In just over three years, the composer and musician has shown above all a constant, serious pace of work, as well as an interesting degree of perfectionism and self-exigency that has had a positive effect on a legacy that it is difficult to find fault with. Musically, his discourse has circulated within the more traditional language of contemporary music with elegance and sophistication, without renouncing a bit of flirting with a more pop, electronic structure, which helps him give a more modern, daring focus to his basic proposal, justifying the meaning of the “neoclassic” label. Arnalds builds his songs based on the piano, the cornerstone of his sound, and from there he raises monuments with very refined string arrangements and occasional digital touches. With such an encouraging panorama, it seemed clear that this Icelandic composer had only to finally present us with entirely new material, designed, written, and executed specifically for this occasion. This would place an accent on two fundamental aspects: on one hand, to show that the teachings of his previous works could go further, grow and expand from all points of view, that there would be no stagnation; and second, that he would be able to transcend his own discourse and evolve, mature, and blaze new trails. And he has successfully done both of these things.

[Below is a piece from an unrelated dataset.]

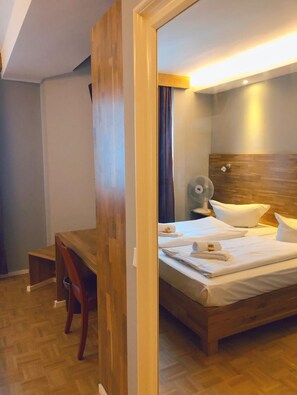 1 bedroom, desk, blackout drapes, free WiFi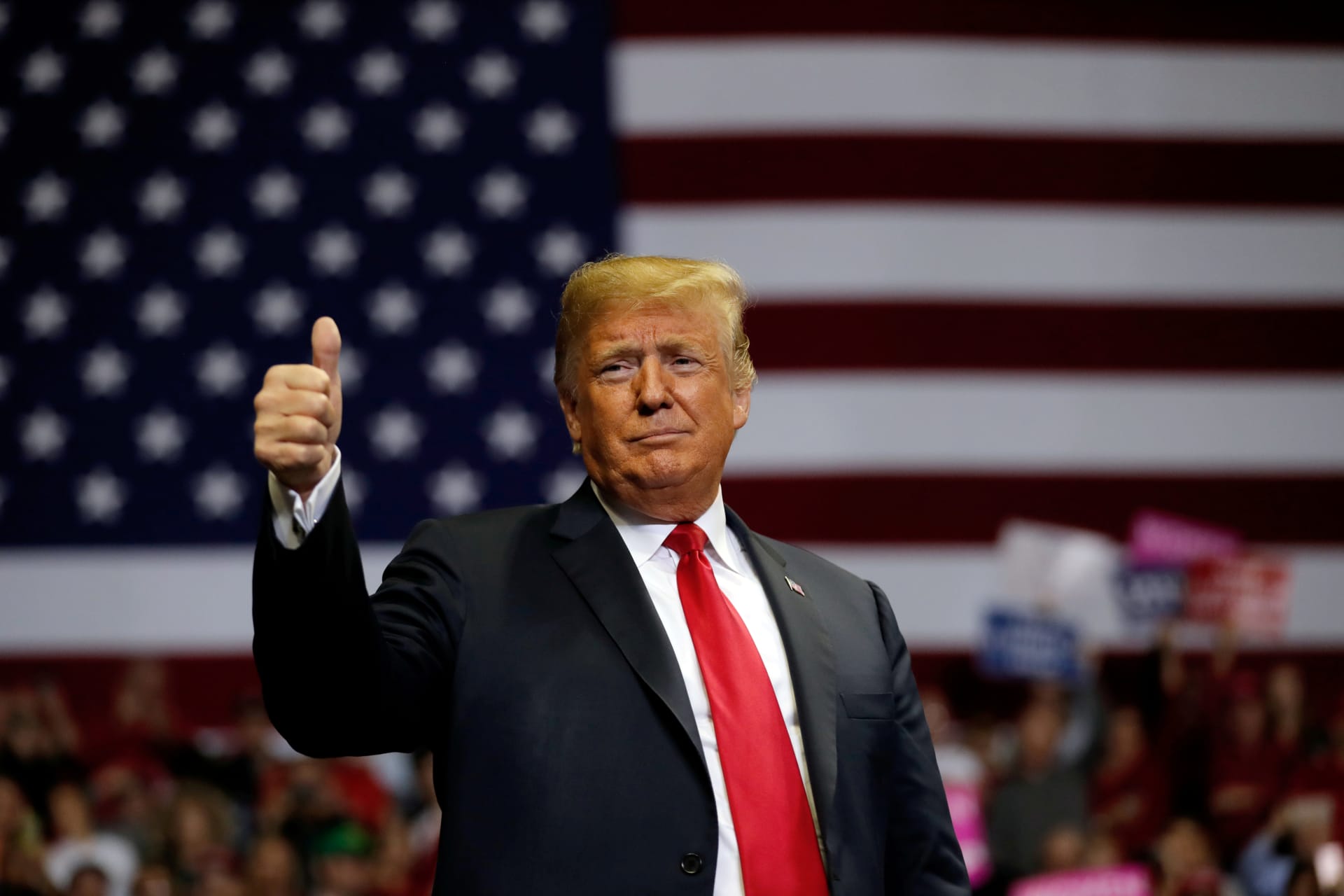 <p>U.S. President Donald Trump gestures to supporters during a campaign rally at the Allen County War Memorial Coliseum in Fort Wayne, Indiana, U.S., November 5, 2018.</p>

“…And They Have Escaped The Weight Of Darkness” is, above all, the stylising and streamlining of the Arnalds universe. Where before you could tell that he raised the tone too much, where you realised that some arrangements weren’t necessary or that some compositions were worked on more than others—small flaws that never spoiled the contents—here it is all more balanced, considered down to the smallest detail, perfectly calibrated. This is a more subtle Arnalds, especially at the beginning of the album, where he feels no need to automatically seek out a crescendo. The two first songs avoid precisely that, with the piano acting as the backbone and modest string arrangements complementing the action, without stridency, a soft, gentle quartet sonata. It is in the third song, “Tunglið,” that we hear the first signs of change and of the artist’s expressive, creative play. A drum comes up and all hell breaks loose: a sound explosion like Sigur Rós, an increase in intensity and the appearance of muscle, not very visible in his career. Something similar occurs in “Gleypa Okkur”, with a drum, guitar, and a subtle chorus of background voices who bring the author to the edge of the most biting post-rock. And last but not least, the closing song incorporates an electronic beat, wind instruments, and drumrolls that help to outline this turn towards a more physical, also more exultant proposal, in which the creator’s raging romanticism also shows signs of vitality and power, not only self-absorption and flagellation.
The dynamic doesn’t only change in this sense. Here, we also discover the composer’s more “soundtrack” side. “Hægt, Kemur Ljósið” is probably the best creation of his career, a lovely mosaic, vibrant, pure ecstasy, mixing chord arrangements that James Newton Howard and Thomas Newman would kill for, and a rhythmic, instrumental base that injects more life, energy and emotional exaltation into the whole. Submerged in a comforting sadness, pure post-romantic melancholy, elegant, modern, challenging, “…And They Have Escaped The Weight Of Darkness” is an album that leads you to wish with all your heart that somebody had broken that heart just before listening to it, so that you could enjoy it even more. An explosion of total emotion that serves to provide the biggest possible framework for a result that fulfils expectations, meets its goals, and increases confidence in Ólafur Arnalds as the great hope of present and future European neoclassicism, more consolidated today than yesterday, but not as much as it will be tomorrow.